┌──

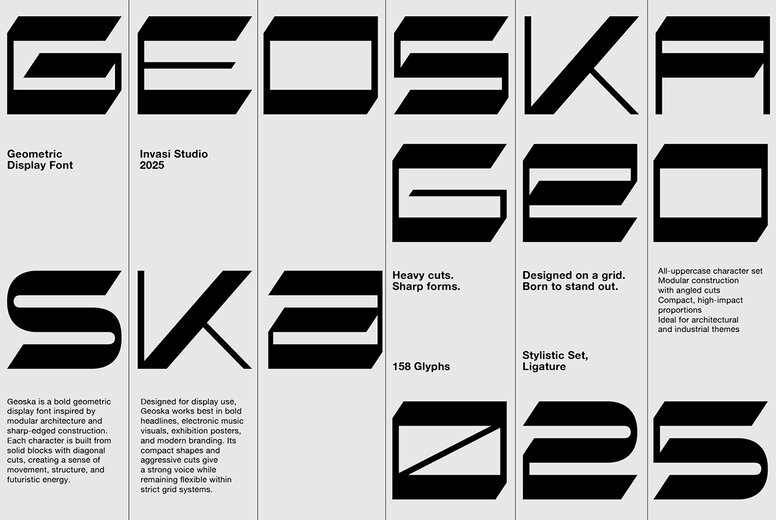 Geoska Font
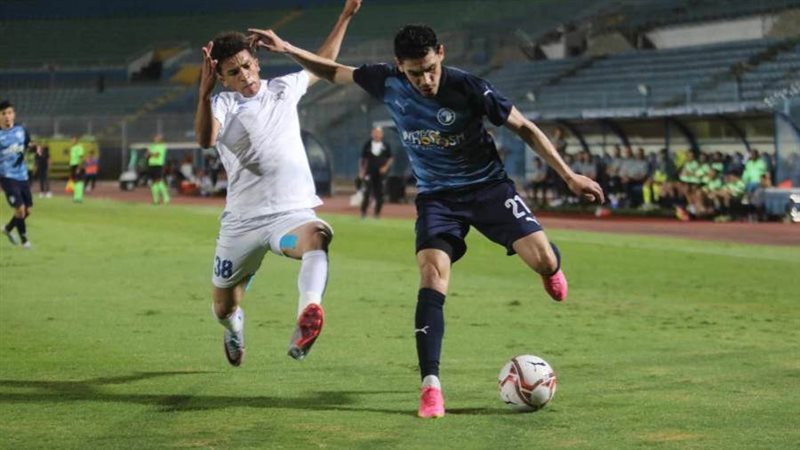 جانب من المباراة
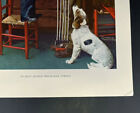 Norman Rockwell 14x11 Scouting Poster - To Keep Myself Physically Strong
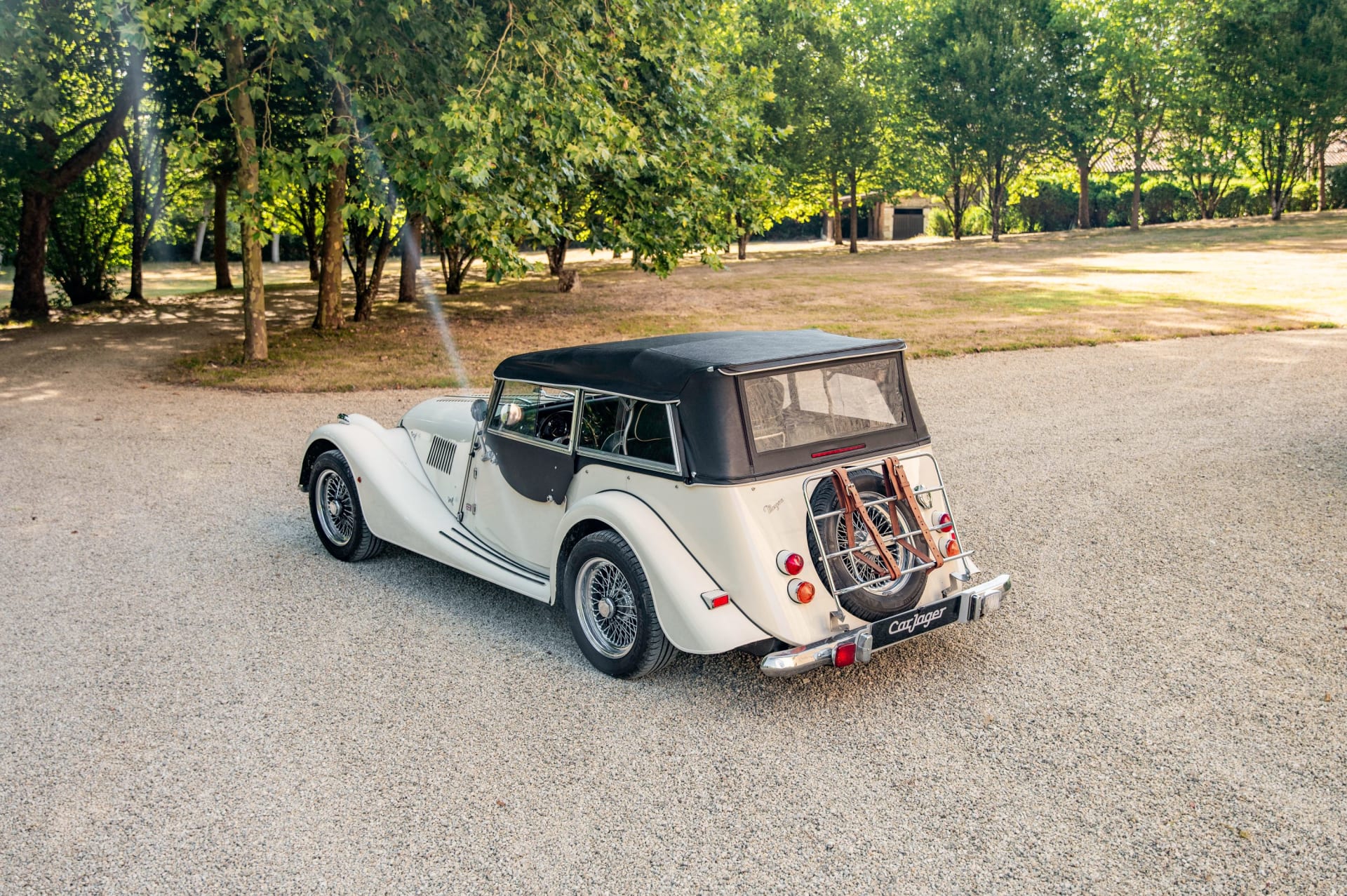 MORGAN 4/4  Tourer 2001 used exterior (2)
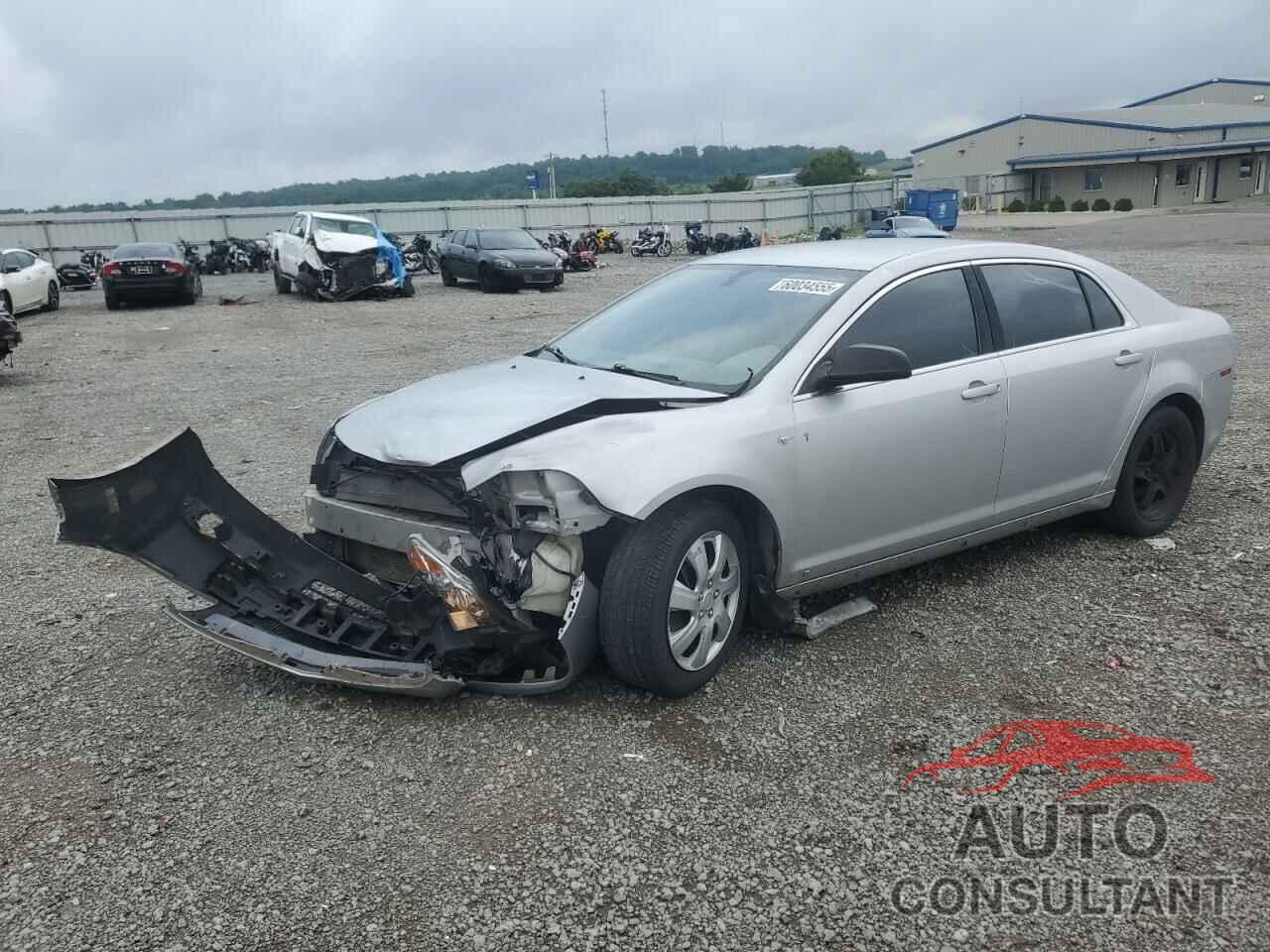CHEVROLET MALIBU 2010 - 1G1ZA5E02AF116060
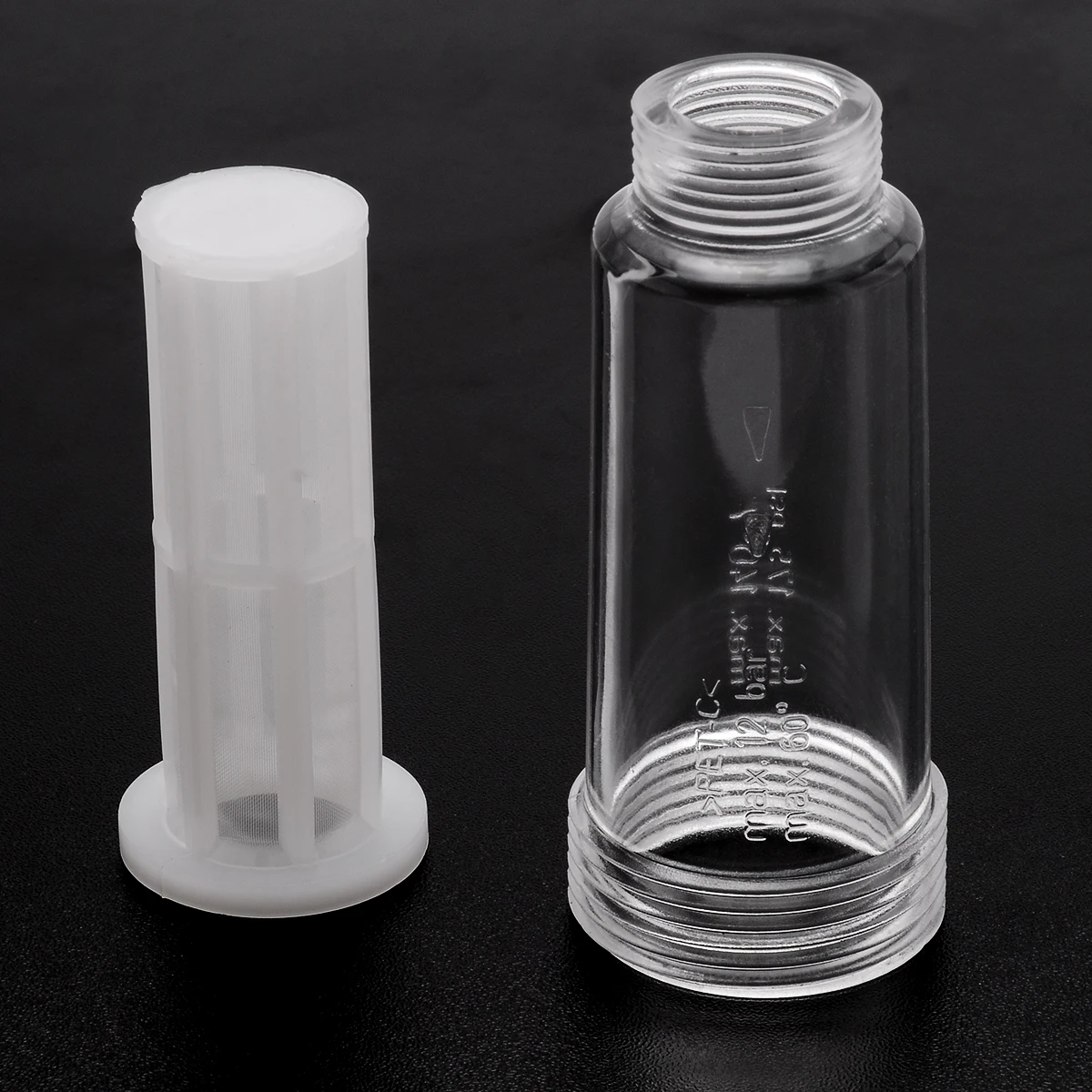 Mayitr 1 Set High Pressure Washer Jet Wash In Line Water Filter Cleaner For Cleaning Machine 3 / 4'' Connection High Quality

└──

**ACTIVITY:** Starting at the line that contains "Norman Rockwell 14x11", reproduce every line through the last one in the records exactly, and omit all pictures.

**SOLUTION FOR THIS TASK:**
 Norman Rockwell 14x11 Scouting Poster - To Keep Myself Physically Strong
 MORGAN 4/4  Tourer 2001 used exterior (2)
CHEVROLET MALIBU 2010 - 1G1ZA5E02AF116060
 Mayitr 1 Set High Pressure Washer Jet Wash In Line Water Filter Cleaner For Cleaning Machine 3 / 4'' Connection High Quality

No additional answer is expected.